◆ Work required
Could you set down exactly the lines of the data below, starting at the one that holds "Transient tachypnea of" and ending at the one that holds "Septoplasty in Dubai", both included, and only those?

◆ Information
BEGIN

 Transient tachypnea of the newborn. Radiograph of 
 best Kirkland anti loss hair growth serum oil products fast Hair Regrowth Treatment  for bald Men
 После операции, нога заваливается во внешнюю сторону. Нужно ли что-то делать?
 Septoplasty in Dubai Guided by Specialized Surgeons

END
BEGIN

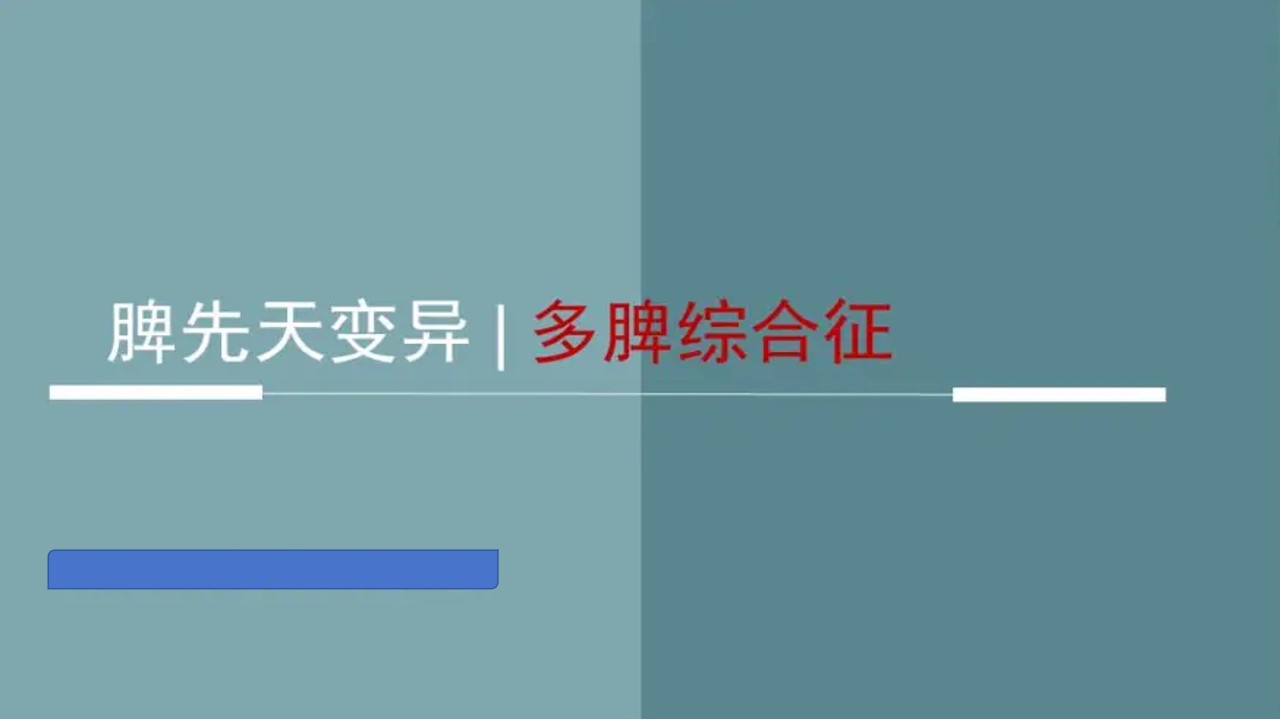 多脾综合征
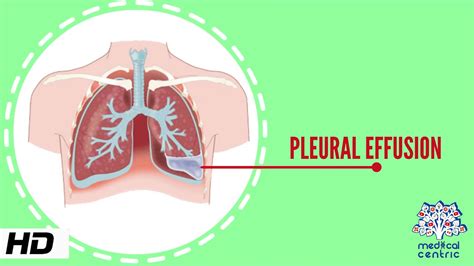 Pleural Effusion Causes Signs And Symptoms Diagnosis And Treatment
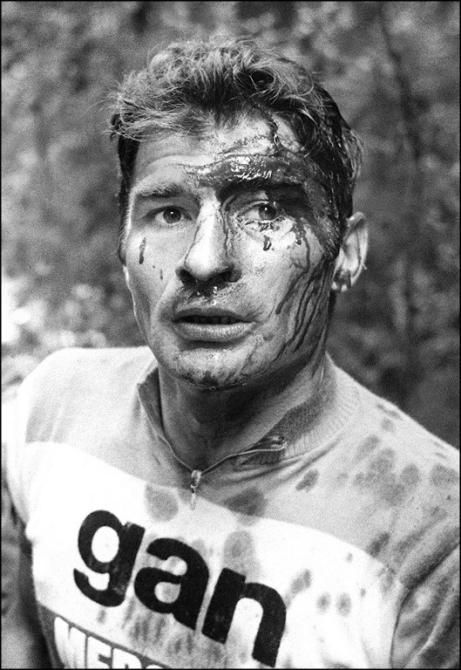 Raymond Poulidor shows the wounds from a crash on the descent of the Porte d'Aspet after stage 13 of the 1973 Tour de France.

END

◆ Reply to the task
 Transient tachypnea of the newborn. Radiograph of 
 best Kirkland anti loss hair growth serum oil products fast Hair Regrowth Treatment  for bald Men
 После операции, нога заваливается во внешнюю сторону. Нужно ли что-то делать?
 Septoplasty in Dubai Guided by Specialized Surgeons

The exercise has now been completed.